I've seen the handmade welt on Clifford James shoes and it is quite distinctive (and rather ugly on the example that I own.) I'd say therefore that it is unlikely that Loake, who use the machine-made welt, are the manufacturers for Clifford James/SW as well. I would imagine that all of them, except the suede and possibly the anituque tan, are corrected-grain.

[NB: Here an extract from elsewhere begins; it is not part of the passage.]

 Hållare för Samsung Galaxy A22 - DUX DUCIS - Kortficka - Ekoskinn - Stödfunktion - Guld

I've bought a couple of the ties as Christmas presents, one for my father and another for my grandfather. I took a look at them (of course!) before I wrapped them and they seemed nice enough, although not wildly exciting.


----------



## 15DollarMan (Dec 28, 2005)

Kingstonian said:


> Does anybody know much background information about these companies ?
> Clifford James is a mail order outfit with a retail shop off the A3 in Ripley Surrey. It sells cheap stuff with a target market of pensioners.
> However, it makes a very good offer of two pairs of all leather shoes for £25. They are a bit clumpy rather than sleek, but I can hardly get new soles on one pair of shoes for that money. I have the oxfords and brogues they polish up fine in black for a solid working shoe. The other styles are naff. They are not the finest shoes in the world but they do a job. To take it in context they are an all leather shoe for less than the price of a nasty trainer. The sort of thing that has vanished from the High Street.


From the Clifford-James checkout page.

"...Unfortunately, we are unable to deliver to the Channel or Scilly Islands and overseas."

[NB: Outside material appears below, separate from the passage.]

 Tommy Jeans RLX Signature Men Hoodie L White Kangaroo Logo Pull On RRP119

I guess no $25 leather shoes for me (in USA).


----------



## Kingstonian (Dec 23, 2007)

If it is any consolation, the US will be cheaper for most purchases than the UK.

It is not called 'rip-off Britain' for no reason.


----------



## Kingstonian (Dec 23, 2007)

I can now report that Clifford James retail shops charge more than the internet business. Two pairs for £99 as opposed to £80.

The shops may not have every shoe in every size either. Check before you go if you have a long journey.

I presume the pricing is a result of the trading standards investigation. There never used to be a price difference between the shop and internet/mail order side of the business.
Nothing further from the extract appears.